### [Work to be completed]
Extract the run of lines that starts at the top of the records below and ends at the line with "Deluxe Twin Room photo 1", keeping both ends and excluding pictures.
--- Data records Enclosed Below ---
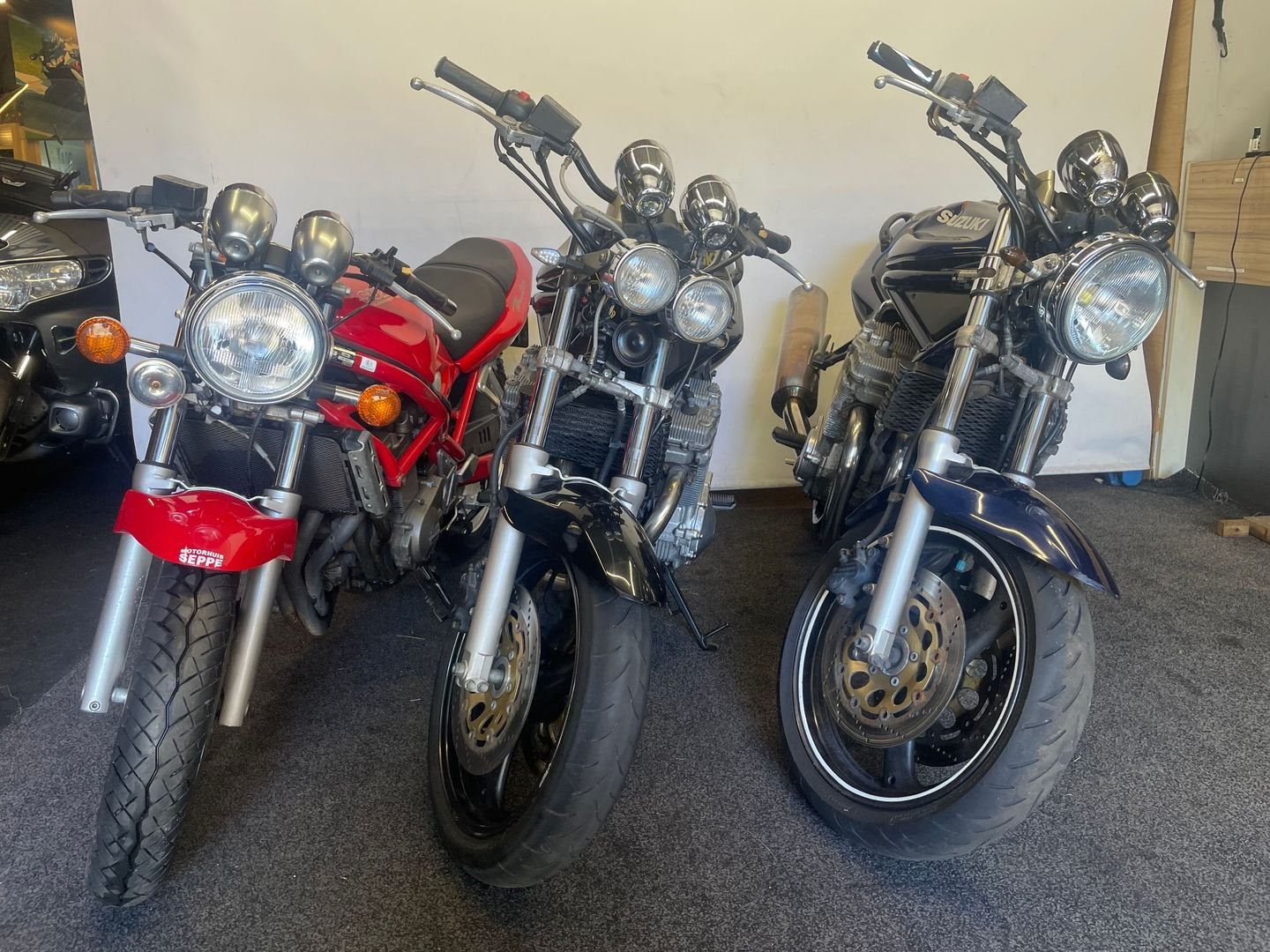 SUZUKI 3 Motoren voor 1000 Euro OPKNAPPERS (bj 1999), SUZUKI, Bedrijf, Onbekend, Toermotor
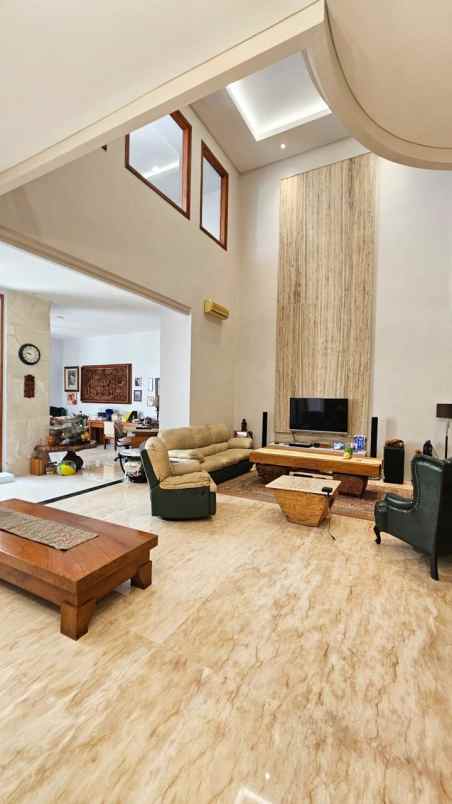 dijual rumah graha famili
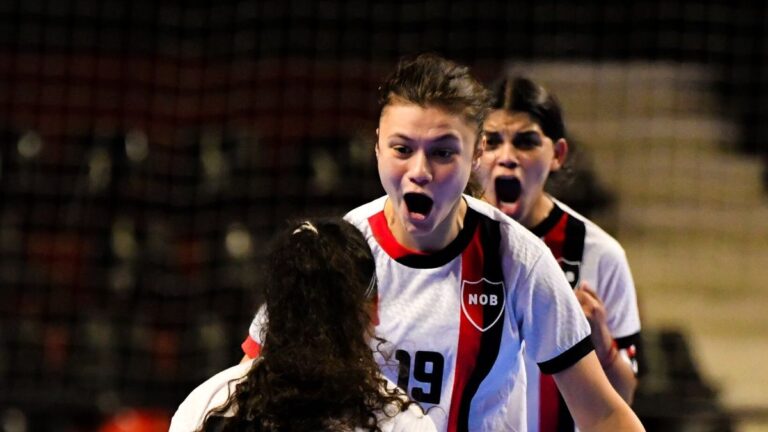 Equipo femenino de futsal de Newell's Old Boys en partido de la Primera B de AFA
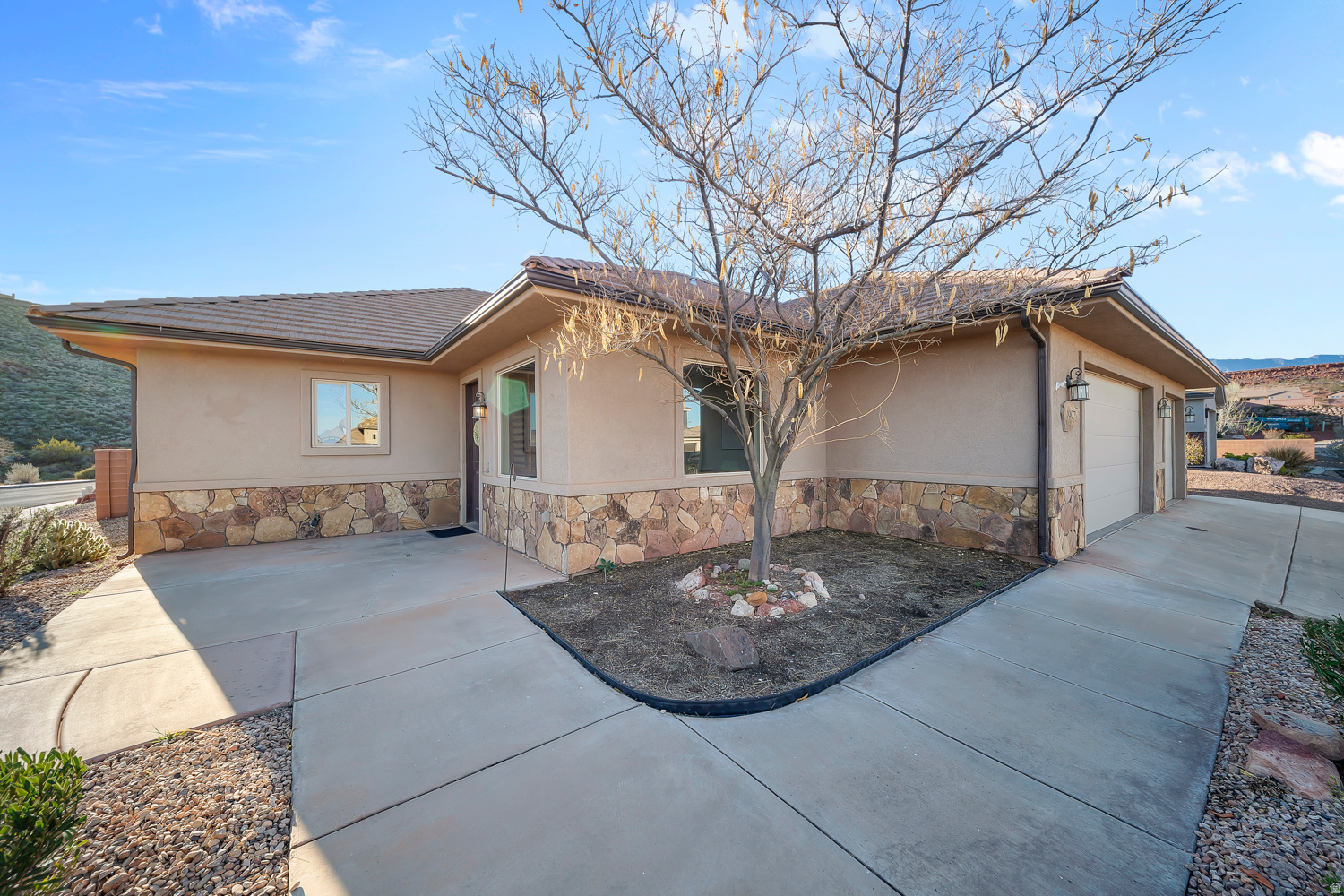 CRIMSON VIEW - Residential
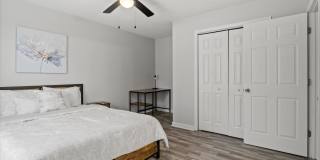 2114 Main St Gallery 12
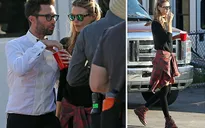 Adam Levine lấy cảm hứng thời trang từ vợ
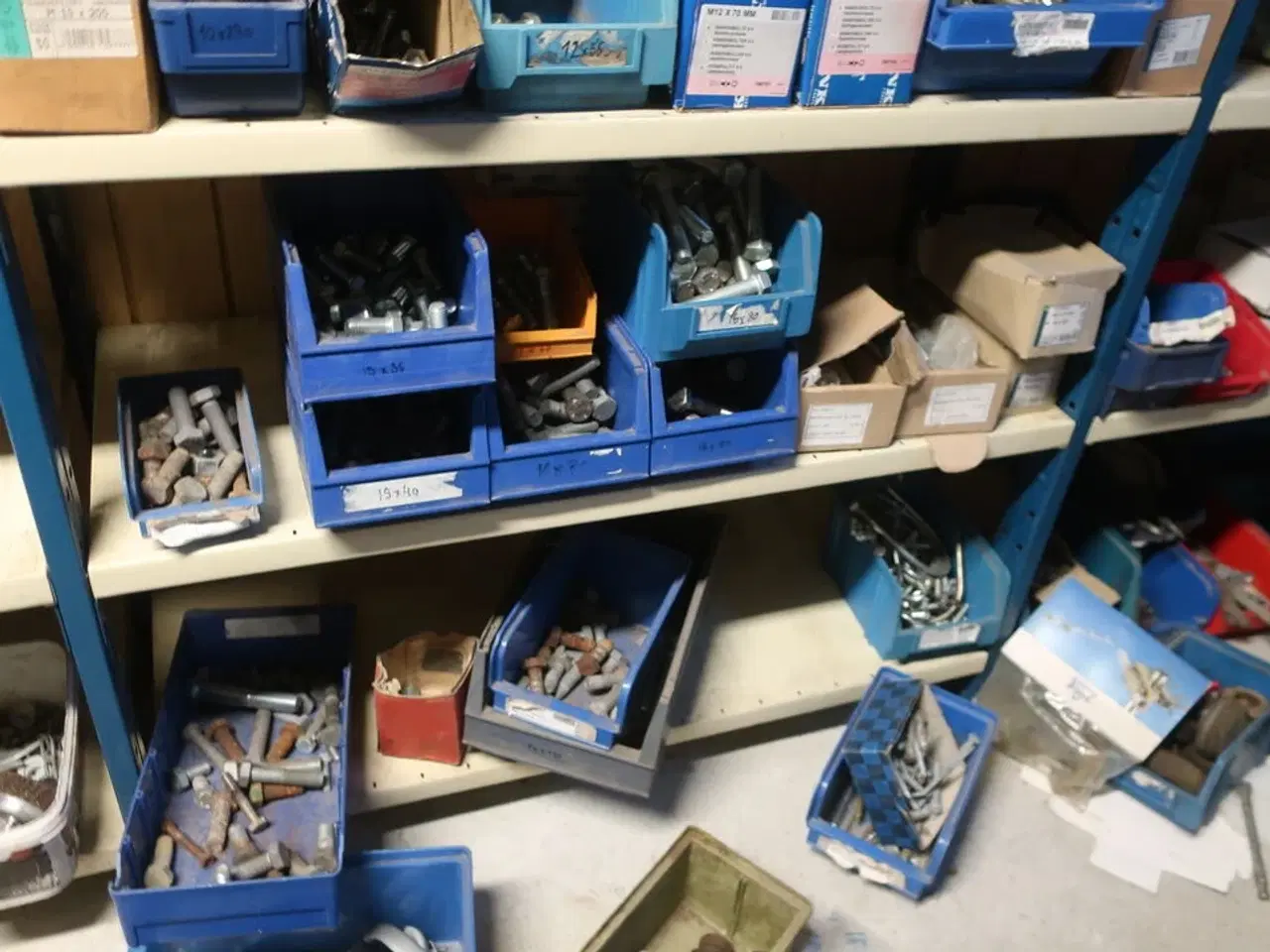 Billede 13 - 4 fag reoler inkl. indhold (se billeder)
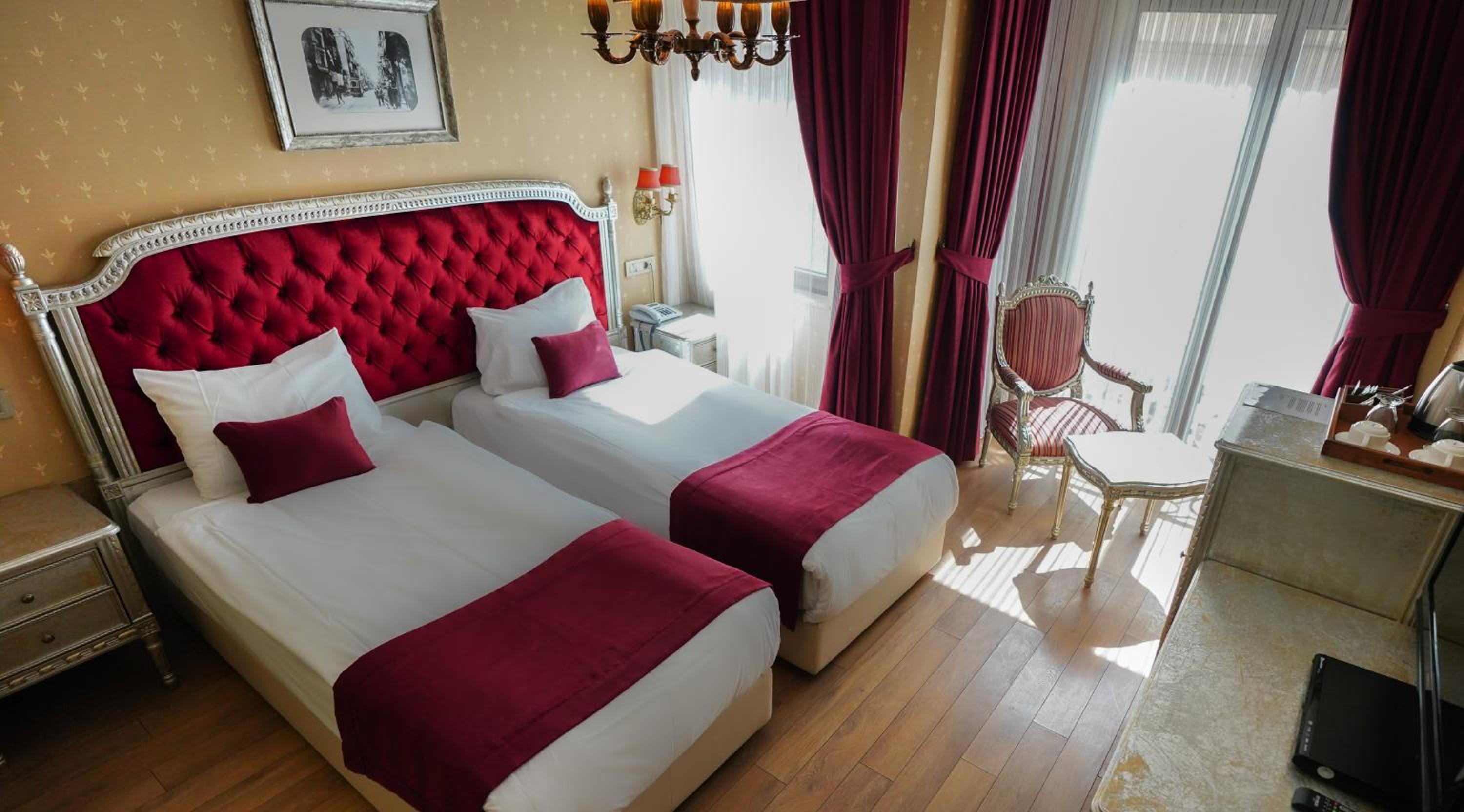 Deluxe Twin Room photo 1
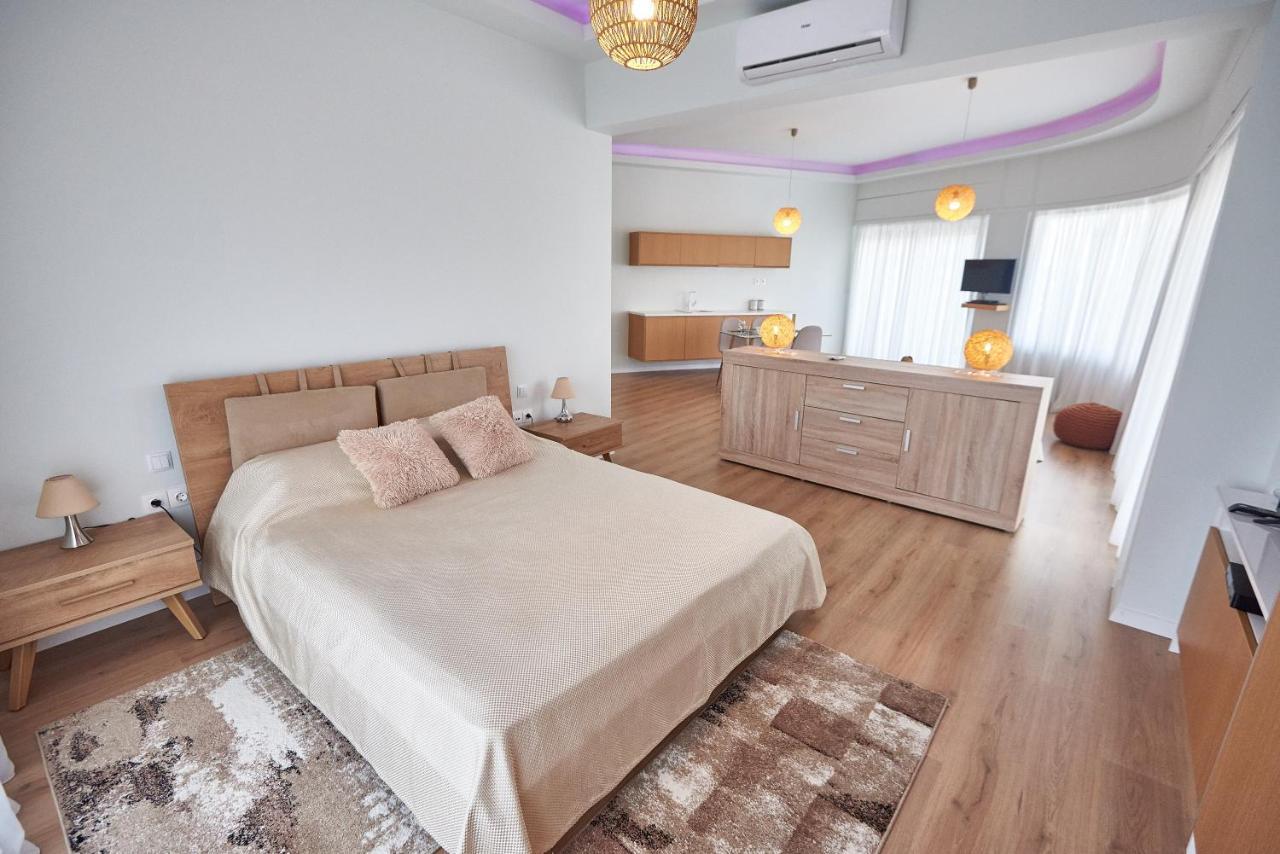 The El Greco Spirit Meets The Athenian Luxury Apt1 エクステリア 写真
--- End of Enclosed Data records ---
### [Solved problem]
 SUZUKI 3 Motoren voor 1000 Euro OPKNAPPERS (bj 1999), SUZUKI, Bedrijf, Onbekend, Toermotor
 dijual rumah graha famili
 Equipo femenino de futsal de Newell's Old Boys en partido de la Primera B de AFA
 CRIMSON VIEW - Residential
 2114 Main St Gallery 12
 Adam Levine lấy cảm hứng thời trang từ vợ
 Billede 13 - 4 fag reoler inkl. indhold (se billeder)
 Deluxe Twin Room photo 1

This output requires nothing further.